Palas

Kamus Besar Bahasa Indonesia (KBBI), Balai Pustaka, 2005, mencantumkan: kro.nik n catatan peristiwa menurut urutan waktu kejadiannya; susunan waktu; yang berhubungan dengan waktu. Sedang Kamus Umum Bahasa Indonesia (KUBI), Balai Pustaka, 2006, menjelaskan: kronik E cerita yang meriwayatkan suatu peristiwa tersusun menurut waktu terjadinya.

Foto-Foto: Internet

Sunday, June 5, 2011

Nah, Ini Dia Wartawan Duga-Duga

TANGGAPAN –atas tanggapan— Uwin Mokodongan (Wartawan Itu Pun Kuli Tinta –Bung, Anda harus belajar membuat judul. Lebih praktis dan tepat adalah ‘’Wartawan Pun Kuli Tinta’’ atau ‘’Wartawan Itu Kuli Tinta’’) hanya mengkonfirmasi dugaan kebanyakan wartawan muda memang ‘’geer’’ dan berusaha keras memintar-mintarkan diri. Celakanya, sekali lagi, yang didebat bukanlah subtansi, tapi sekadar ‘’kuah’’ demi mempertahankan ego yang entah dilukai oleh siapa.

Tulisan saya yang diunggah di blog ini, Wartawan: Boleh ‘’Pede’’, ‘’Geer’’ Jangan, yang ditulis dengan sinisme seperlunya, diharapkan menjadi cermin dan pembelajaran bersama. Namun tampaknya kesombongannya mengalahkan akal sehat. Maka mari kita buka sekalian.

Satu: Uwin, tampak betul Anda ingin mengesankan punya pengetahuan bahasa Indonesia dan penguasaan kata mumpuni (cek lagi penggunaan mumpuni di artikel Anda yang keliru tempat). Saya sudah melakukan editing kecil, tapi membiarkan banyak kesalahan supaya pembaca bisa mencecap yang mana yang sungguh menguasai fundamen bahasa; mana yang hanya ingin dikesankan pintar dan hebat. Kata lain yang digunakan, yang sangat mengganggu contohnya adalah ‘’alas-dasar’’. Apa artinya ini? Dipetik dari pohon sirsak siapa kata ini?

Dua: Sebaiknya Anda belajar sejarah jurnalistik yang berakar jauh ke 1605 di Eropa. Kapan Indonesia, negara kita yang membanggakan –juga menyedihkan—ini memulai sejarah jurnalistiknya? Wartawan sebagai praktisi jurnalistik diterjemahkan ke dalam bahasa Indonesia dengan berbagai kata. Ada yang meng-Indonesia-kan journalist dan reporter menjadi ‘’jurnalis’’ dan ‘’reporter’’; atau merangkum keduanya menjadi ‘’pewarta’’. Akan halnya ‘’kuli tinta’’, akar katanya adalah ‘’kuli’’ dan ‘’tinta’’. Selebihnya, Anda eksplorasi sendiri.

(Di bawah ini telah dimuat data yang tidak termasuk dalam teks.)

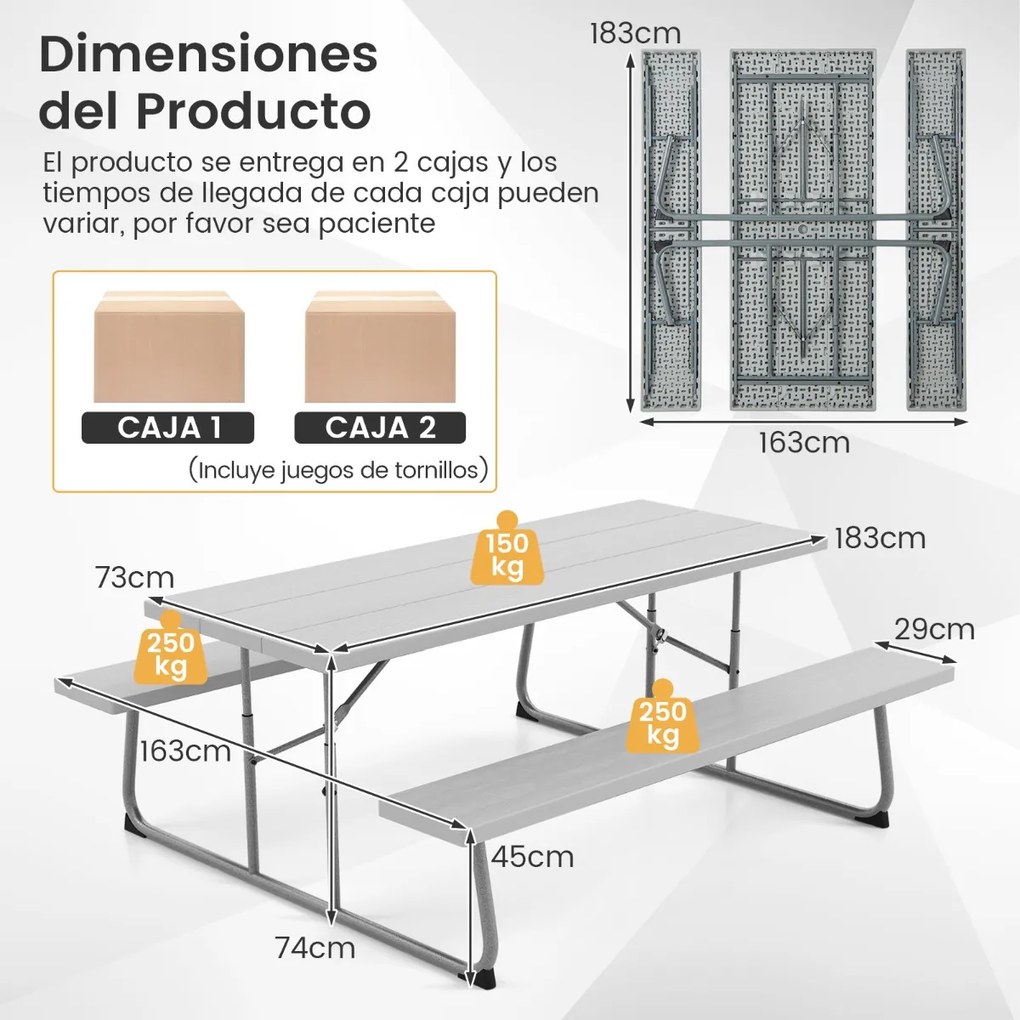 Mesa de piquenique dobrável 183 cm para 8 pessoas com 2 bancos Estrutura metálica Guarda-sol Orifício Mesa de jardim PEAD Cinzento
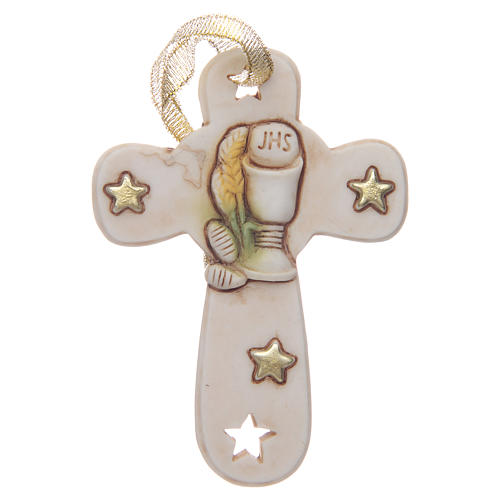 Bonbonnière Communion croix résine calice étoiles 1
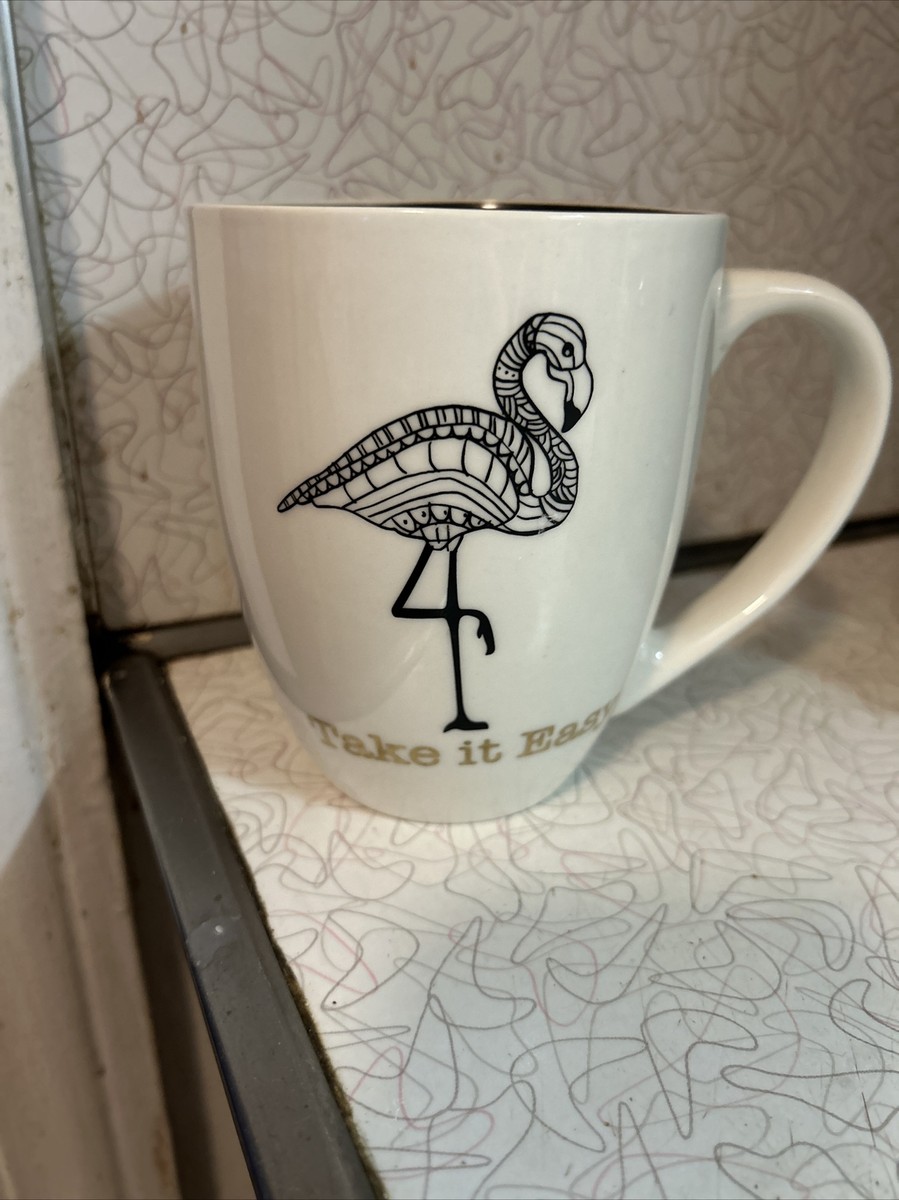 16 oz Bistro Ceramic Coffee Mug Cup Take It easy Flamingo Funny/ Black And  White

Kamus Besar Bahasa Indonesia (KBBI) dan Kamus Umum Bahasa Indonesia (KUBI) yang saya sarankan dicek adalah untuk kata ‘’kuli’’. Sebab saya tahu pengetahuan bahasa Anda tergolong pas-pasan. Termasuk Anda tidak akan menemukan kata ‘’pewarta’’ yang artinya juga adalah wartawan.

Itu sebabnya selain KBBI dan KUBI, wartawan atau penulis juga mesti punya bekal tesaurus. Untuk bahasa Indonesia salah satu yang terbaik adalah Tesaurus Bahasa Indonesia yang ditulis Eko Endarmoko (Gramedia Pustaka Utama, 2006).

Saya hanya ingin memberi catatan, media-media besar dan punya riwayat kokoh jurnalisme di Indonesia tidak lagi menulis wartawan dengan kata ganti ‘’kuli tinta’’. Sudah lama mereka yang mempelajari sejarah jurnalistik sadar bahwa kata ganti ini lebih berkonotasi ‘’rendah’’ dibanding penghargaan terhadap profesi yang bahkan disebut-sebut sebagai ‘’pilar keempat negara’’ setelah judikatif, legislatif, dan eksekutif ini. Riwayat ‘’kuli tinta’’ inilah yang semestinya Anda telusuri setelah melakukan pengecekan ke KBBI dan KUBI, yang bukan kitab suci dan karenanya boleh jadi penuh kekeliruan dan ketinggalan zaman.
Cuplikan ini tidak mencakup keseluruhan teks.